WORK INSTRUCTIONS: The expected output is the full data, repeated exactly, without pictures.

DATA EXTRACT:
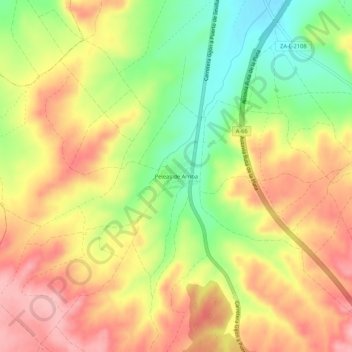 Mapa topográfico Peleas de Arriba, altitude, relevo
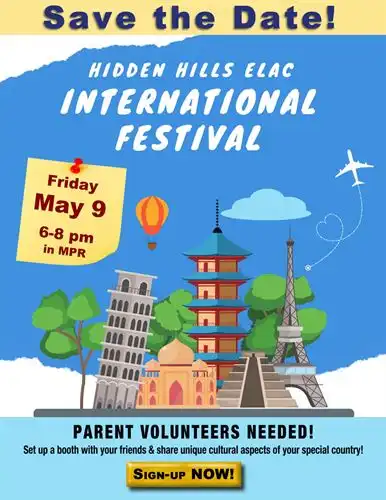 Save the Date: 5/9/25 ELAC International Festival flyer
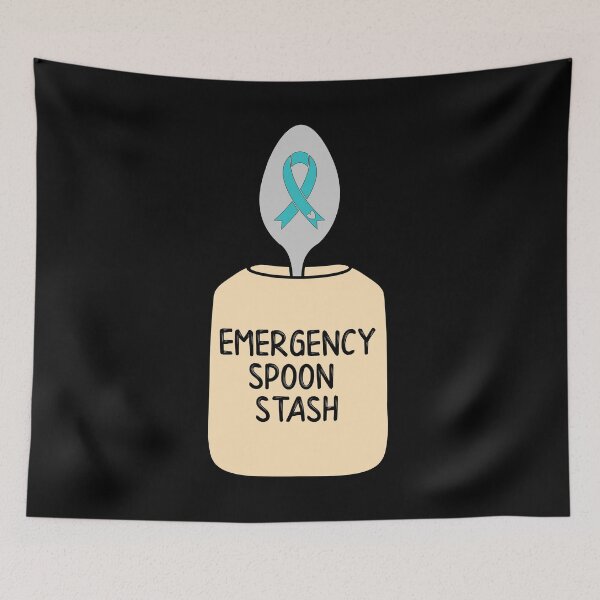 Item preview, Dysautonomia Emergency Spoon Stash  - Teal Awareness Ribbon Spoons for October designed and sold by NotEnoughSpoons.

RESPONSE AREA:
 Mapa topográfico Peleas de Arriba, altitude, relevo
 Save the Date: 5/9/25 ELAC International Festival flyer
 Item preview, Dysautonomia Emergency Spoon Stash  - Teal Awareness Ribbon Spoons for October designed and sold by NotEnoughSpoons.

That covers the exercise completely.